William Marth
Analyst · Cowen & Company
Sure, Ken. Appreciate the question. A couple things – you have to really think about the enormity of this business, right? When you have in a single quarter the loss of (inaudible) Cozaar, the loss of exclusivity, right? It costs you $161 million. Just the change in Lotrel alone with incoming competitors – 38 million; Protonix – 48 million; Eloxatin – 63 million; Pramipexole, which is Mirapex – 64 million; and Yaz, which is Gianvi – 97 million. That’s $471 million in a single quarter (inaudible).
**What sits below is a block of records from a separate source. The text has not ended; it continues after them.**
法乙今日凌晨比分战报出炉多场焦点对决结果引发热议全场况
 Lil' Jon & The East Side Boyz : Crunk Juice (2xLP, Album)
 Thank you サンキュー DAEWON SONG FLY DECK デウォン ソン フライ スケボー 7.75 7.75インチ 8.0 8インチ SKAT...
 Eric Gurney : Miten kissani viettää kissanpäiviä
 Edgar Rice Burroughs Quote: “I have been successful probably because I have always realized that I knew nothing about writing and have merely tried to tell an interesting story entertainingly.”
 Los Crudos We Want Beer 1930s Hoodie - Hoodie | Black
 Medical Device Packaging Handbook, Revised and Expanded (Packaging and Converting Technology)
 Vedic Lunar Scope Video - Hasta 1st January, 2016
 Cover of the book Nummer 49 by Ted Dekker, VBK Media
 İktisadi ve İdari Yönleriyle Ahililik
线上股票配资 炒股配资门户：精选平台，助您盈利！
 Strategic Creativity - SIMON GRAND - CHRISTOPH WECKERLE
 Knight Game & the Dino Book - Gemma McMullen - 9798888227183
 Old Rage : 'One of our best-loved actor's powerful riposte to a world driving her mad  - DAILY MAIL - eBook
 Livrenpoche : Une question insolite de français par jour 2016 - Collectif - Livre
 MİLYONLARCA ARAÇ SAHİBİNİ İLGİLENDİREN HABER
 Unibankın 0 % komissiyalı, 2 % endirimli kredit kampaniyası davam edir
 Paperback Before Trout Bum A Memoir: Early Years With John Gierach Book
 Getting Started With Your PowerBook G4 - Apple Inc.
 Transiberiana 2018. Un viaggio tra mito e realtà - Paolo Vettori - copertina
Not only that, the delta in (inaudible) from quarter to quarter was about $159 million from Q1 to Q2. So those are just huge variations. Now we’ve had launches of Triamcinolone, Clonidine patch, Ancidine (phon), Diazepam gel – some of those launches, but they were relatively small. So as we move forward, we know we’ve got some good launches. We laid those out for you – olanzapine and a whole bunch of other products that we think are very interesting moving forward. So yeah, the launches get better as we move forward, and the one thing I would mention about ’12 that I don’t think people are thinking about – there are a lot of launches in ’12, and we’re excited about ’12. But there is not a tremendous amount of exclusivity in ’12. There’s a lot of NCEs, so you have to think about the competition that’s going to be there. But yeah, and you couple that with Jerusalem, which was an issue; Irvine, which was an issue that we’ve spoke to, and those are all improving. Jerusalem, we’re over. We feel great about it. Approvals are coming again. Irvine – it’s coming back slowly. It’s incremental, because you’ve got to bring some new products back. We believe another seven products will come back into commercial in the next couple of months. So again – gradual improvement there. So yeah, I’m excited about this business, but it is gradual improvement. It is the largest generic business on earth. People can’t forget that. And it’s going to go up and down with exclusivity, but it is still one big business. We have a ton of files out there. There’s a huge number - 185 files, 77 of them are first-to-files, and just the first-to-files alone are about 54 billion.